# How to Calculate Integrals: 9 Steps (with Pictures)

## Video: How to Calculate Integrals: 9 Steps (with Pictures)

Integral in calculus is the opposite of differentiation. Integral is the process of calculating the area under a curve bounded by xy. There are several integral rules, depending on the type of polynomial present.

## Step

### Method 1 of 2: Simple Integral

#### Step 1. This simple rule for integrals works for most basic polynomials

Polynomial y = a*x^n.

#### Step 2. Divide (coefficient) a by n+1 (power+1) and increase the power by 1

In other words, the integral y = a*x^n is y = (a/n+1)*x^(n+1).

#### Step 3. Add the integral constant C for the indeterminate integral to correct for inherent ambiguity about the exact value

Therefore, the final answer to this question is y = (a/n+1)*x^(n+1) + C.

### Think of it this way: when deriving a function, every constant is omitted from the final answer. Therefore, it is always possible that the integral of a function has some arbitrary constant

#### Step 4. Integrate the separate terms in a function separately with the rule

For example, the integral of y = 4x^3 + 5x^2 +3x is (4/4)x^4 + (5/3)*x^3 + (3/2)*x^2 + C = x^4 + (5/3)*x^3 + (3/2)*x^2 + C.

### Method 2 of 2: Other Rules

#### Step 1. The same rules don't apply to x^-1, or 1/x

When you integrate a variable to the power of 1, the integral is natural log of variable. In other words, the integral of (x+3)^-1 is ln(x+3) + C.

#### Step 2. The integral of e^x is the number itself

The integral of e^(nx) is 1/n * e^(nx) + C; thus, the integral of e^(4x) is 1/4 * e^(4x) + C.

#### Step 3. The integrals of the trigonometric functions must be memorized

You must remember all of the following integrals:

• The integral of cos(x) is sin(x) + C.

• The integral sin(x) is -cos(x) + C. (note the negative sign!)

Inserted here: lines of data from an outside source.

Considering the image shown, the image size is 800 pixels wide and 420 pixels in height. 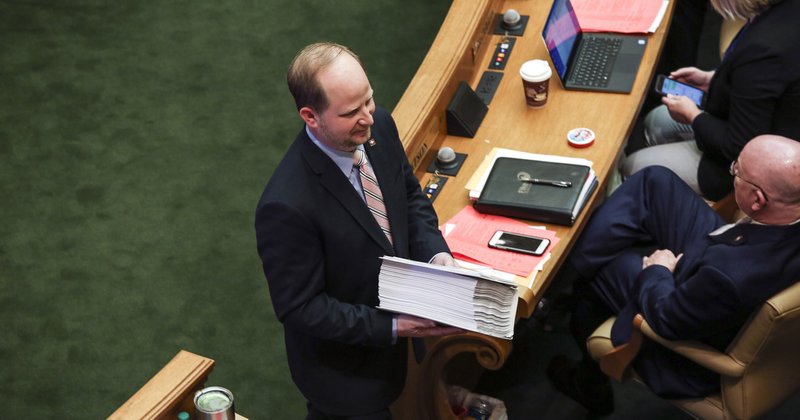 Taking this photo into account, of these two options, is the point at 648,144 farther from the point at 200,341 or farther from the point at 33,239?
the point at 33,239

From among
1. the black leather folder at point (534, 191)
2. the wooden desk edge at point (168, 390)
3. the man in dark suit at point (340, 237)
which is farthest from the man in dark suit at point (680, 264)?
the wooden desk edge at point (168, 390)

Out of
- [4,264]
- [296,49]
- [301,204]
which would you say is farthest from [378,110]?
[296,49]

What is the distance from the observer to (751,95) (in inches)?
132

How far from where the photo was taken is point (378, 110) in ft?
9.11

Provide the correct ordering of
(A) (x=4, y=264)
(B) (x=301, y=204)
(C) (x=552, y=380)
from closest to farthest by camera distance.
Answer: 1. (B) (x=301, y=204)
2. (C) (x=552, y=380)
3. (A) (x=4, y=264)

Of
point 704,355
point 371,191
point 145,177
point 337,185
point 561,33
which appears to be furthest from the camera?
point 145,177

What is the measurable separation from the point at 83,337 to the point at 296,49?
229 cm

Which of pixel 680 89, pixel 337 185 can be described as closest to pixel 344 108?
pixel 337 185

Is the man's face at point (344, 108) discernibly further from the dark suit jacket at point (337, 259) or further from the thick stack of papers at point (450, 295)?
the thick stack of papers at point (450, 295)

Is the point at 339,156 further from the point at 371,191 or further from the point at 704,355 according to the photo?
the point at 704,355

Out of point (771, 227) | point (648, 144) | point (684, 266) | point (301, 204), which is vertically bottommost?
point (648, 144)

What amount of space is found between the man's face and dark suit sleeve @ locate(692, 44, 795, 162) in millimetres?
1524

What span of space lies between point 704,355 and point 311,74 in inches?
58.6

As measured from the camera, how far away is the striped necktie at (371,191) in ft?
8.64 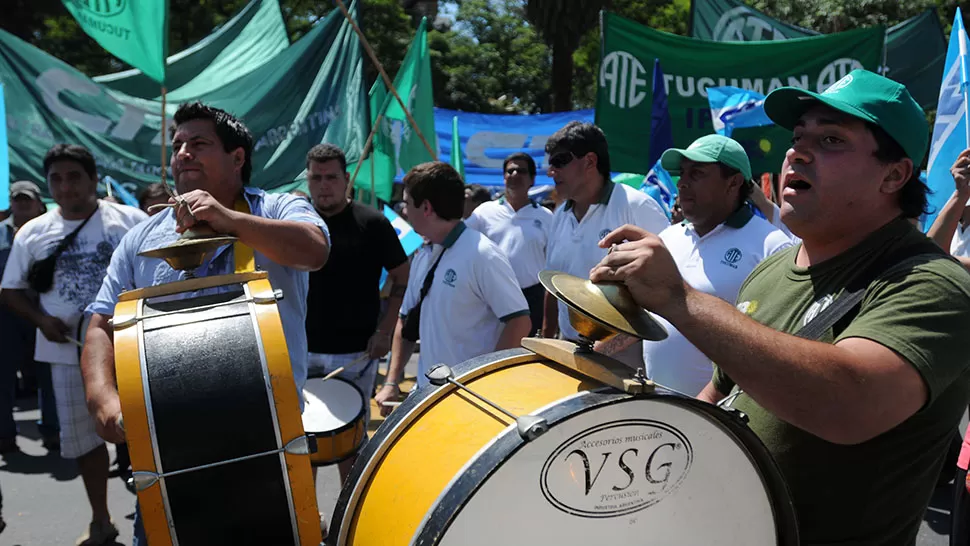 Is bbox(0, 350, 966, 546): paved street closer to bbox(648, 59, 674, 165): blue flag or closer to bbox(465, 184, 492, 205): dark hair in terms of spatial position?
bbox(648, 59, 674, 165): blue flag

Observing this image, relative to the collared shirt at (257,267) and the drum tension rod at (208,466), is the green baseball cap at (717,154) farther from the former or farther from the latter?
the drum tension rod at (208,466)

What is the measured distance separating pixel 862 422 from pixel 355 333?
146 inches

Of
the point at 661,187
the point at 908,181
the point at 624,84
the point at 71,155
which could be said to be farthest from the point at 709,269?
the point at 624,84

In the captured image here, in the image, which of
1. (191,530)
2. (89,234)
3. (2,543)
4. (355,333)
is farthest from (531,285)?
(191,530)

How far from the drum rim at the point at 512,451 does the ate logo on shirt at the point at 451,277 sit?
87.6 inches

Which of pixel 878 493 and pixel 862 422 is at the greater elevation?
pixel 862 422

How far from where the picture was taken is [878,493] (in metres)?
1.66

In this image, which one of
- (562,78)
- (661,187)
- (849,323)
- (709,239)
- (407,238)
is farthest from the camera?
(562,78)

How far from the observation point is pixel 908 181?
177cm

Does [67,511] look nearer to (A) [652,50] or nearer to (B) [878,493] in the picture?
(B) [878,493]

• With these two rules, you can derive the integral of tan(x), which is equivalent to sin(x)/cos(x). The answer is -ln|cos x| + C. Check the results again!

#### Step 4. For more complex polynomials like (3x-5)^4, learn how to integrate with substitution

This technique introduces a variable such as u, as a multiterm variable, for example 3x-5, to simplify the process while applying the same basic integral rules.